* **What you will do**:
Retype nothing except the lines below from the one with "beautiful happy young" through the one with "Anarkali Suit Beautiful", exactly, with images left out.
[[ Information given, beginning ]]
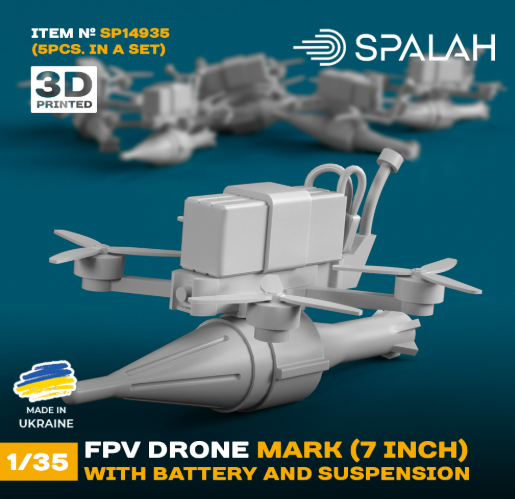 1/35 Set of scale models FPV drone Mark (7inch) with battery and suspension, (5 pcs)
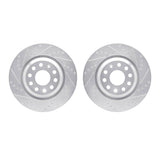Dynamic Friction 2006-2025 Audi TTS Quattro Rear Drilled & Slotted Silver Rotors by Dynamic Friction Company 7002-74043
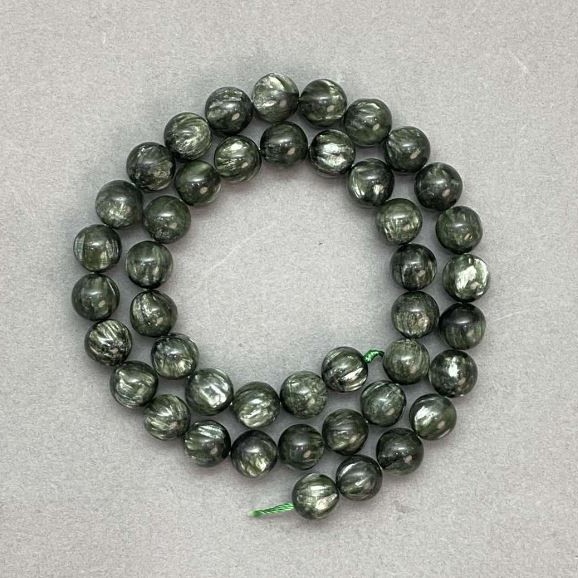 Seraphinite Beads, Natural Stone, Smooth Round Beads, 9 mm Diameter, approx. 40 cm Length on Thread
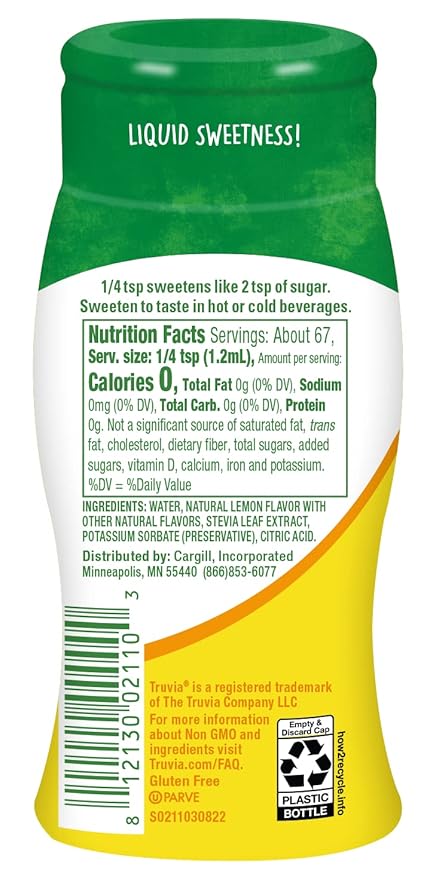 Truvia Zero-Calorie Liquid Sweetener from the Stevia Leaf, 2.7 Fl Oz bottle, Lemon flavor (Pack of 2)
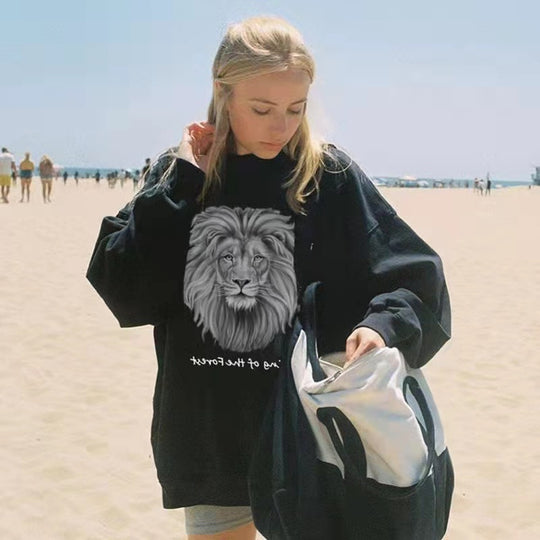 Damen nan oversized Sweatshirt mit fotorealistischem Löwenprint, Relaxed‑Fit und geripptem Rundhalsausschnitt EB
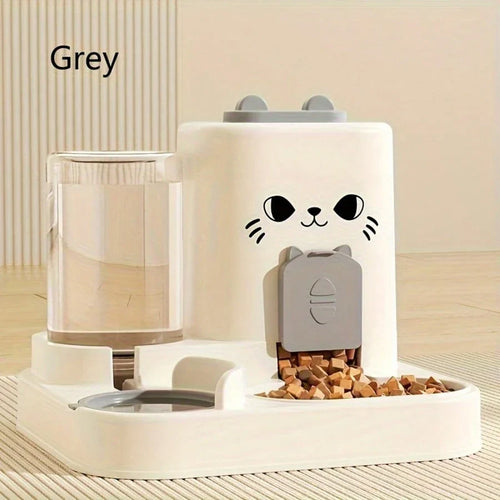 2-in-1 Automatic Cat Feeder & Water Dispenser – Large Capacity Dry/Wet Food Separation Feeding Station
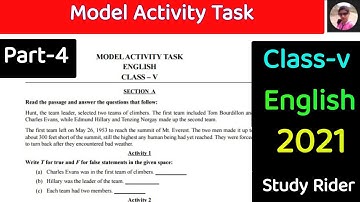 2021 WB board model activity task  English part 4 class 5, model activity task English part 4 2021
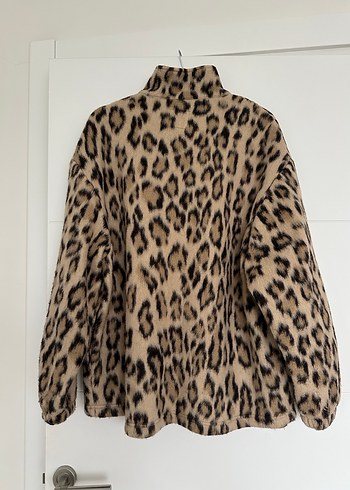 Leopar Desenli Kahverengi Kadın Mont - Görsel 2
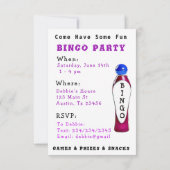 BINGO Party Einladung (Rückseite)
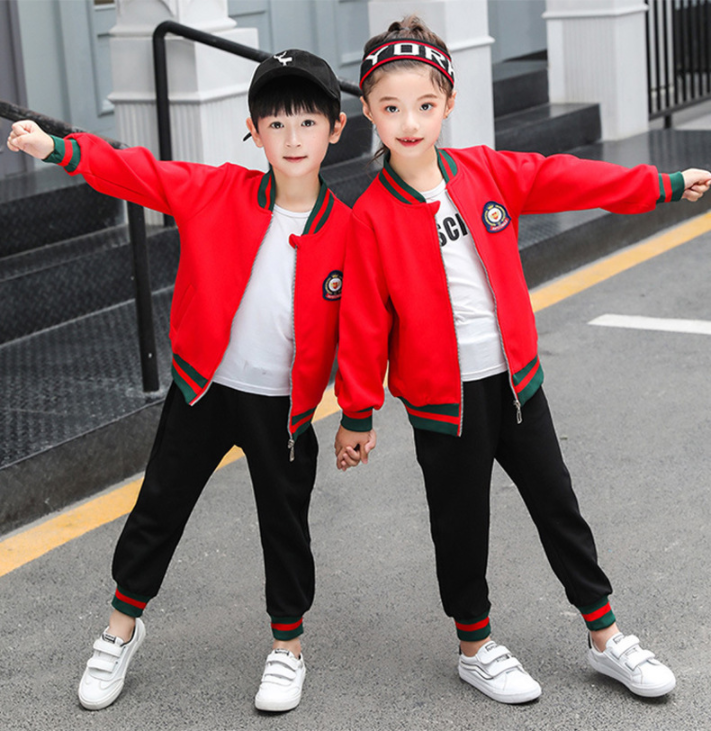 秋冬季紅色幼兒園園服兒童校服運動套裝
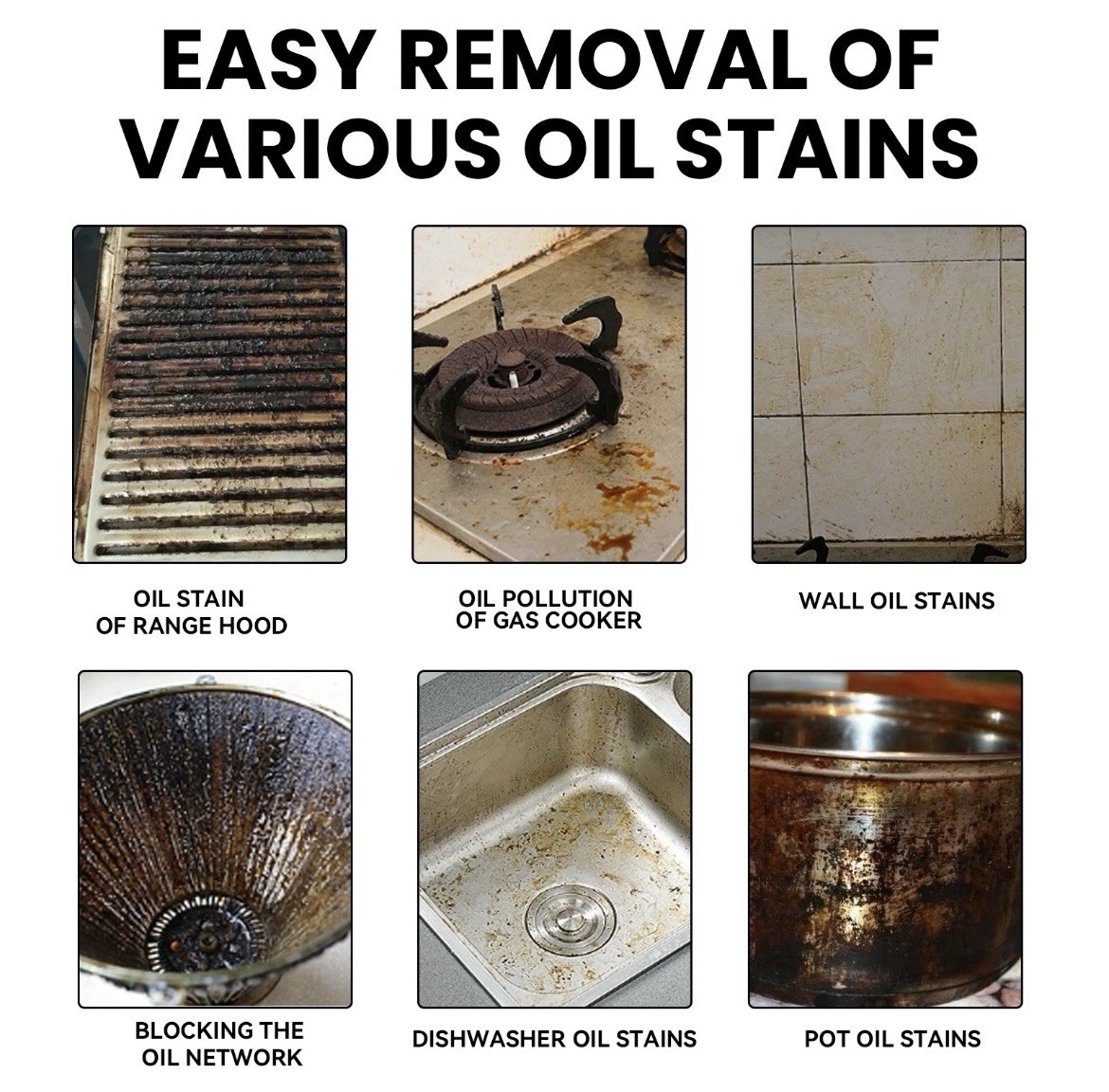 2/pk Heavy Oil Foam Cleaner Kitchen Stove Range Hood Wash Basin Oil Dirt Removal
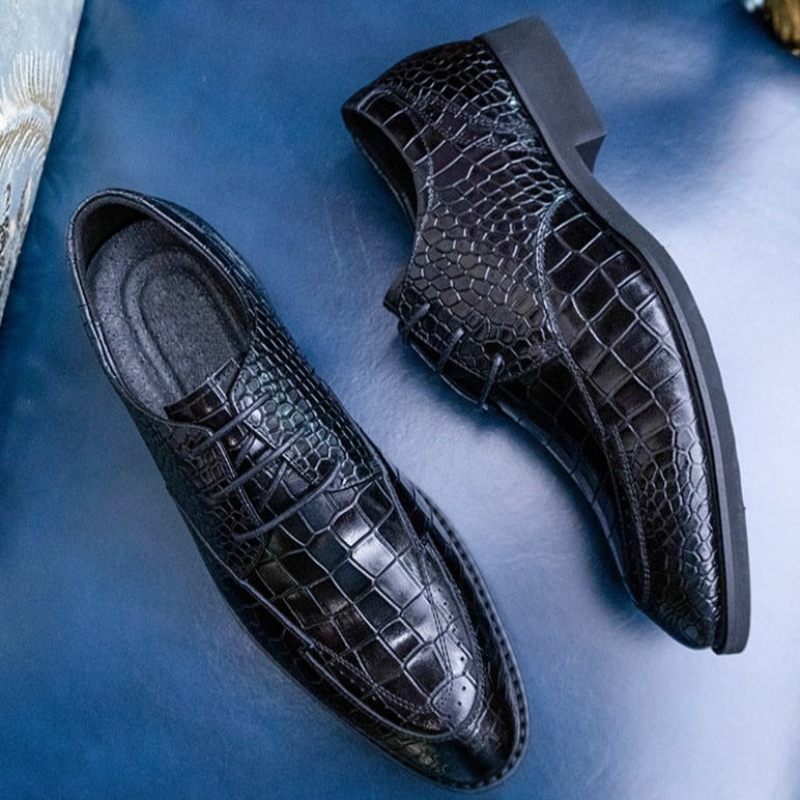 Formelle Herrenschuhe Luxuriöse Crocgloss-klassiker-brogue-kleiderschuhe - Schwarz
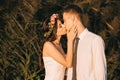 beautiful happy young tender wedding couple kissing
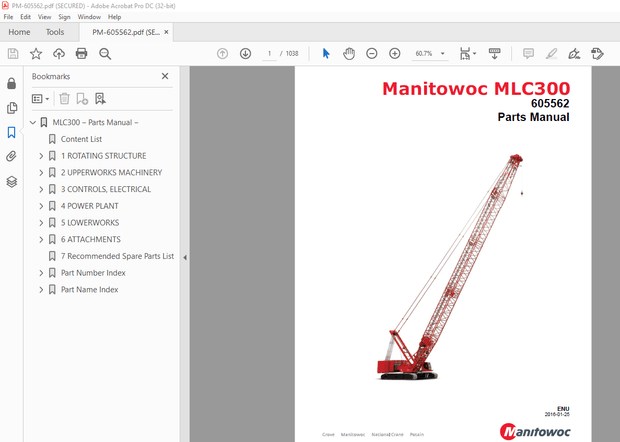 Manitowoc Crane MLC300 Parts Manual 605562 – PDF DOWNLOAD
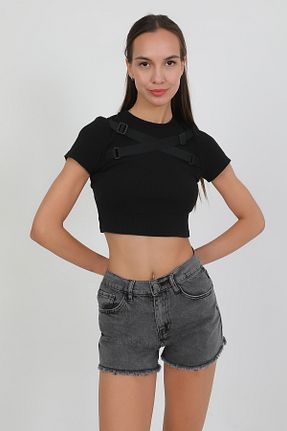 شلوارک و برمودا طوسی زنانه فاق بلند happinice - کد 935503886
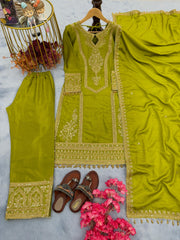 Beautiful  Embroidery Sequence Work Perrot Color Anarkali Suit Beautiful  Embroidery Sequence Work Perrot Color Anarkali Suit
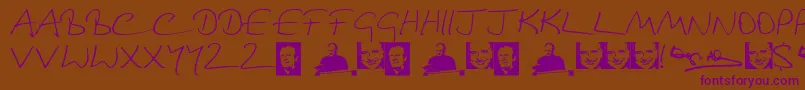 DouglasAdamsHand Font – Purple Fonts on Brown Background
[[ Information given, end ]]
* **Worked solution**:
 beautiful happy young tender wedding couple kissing
 Manitowoc Crane MLC300 Parts Manual 605562 – PDF DOWNLOAD
 شلوارک و برمودا طوسی زنانه فاق بلند happinice - کد 935503886
 Beautiful  Embroidery Sequence Work Perrot Color Anarkali Suit Beautiful  Embroidery Sequence Work Perrot Color Anarkali Suit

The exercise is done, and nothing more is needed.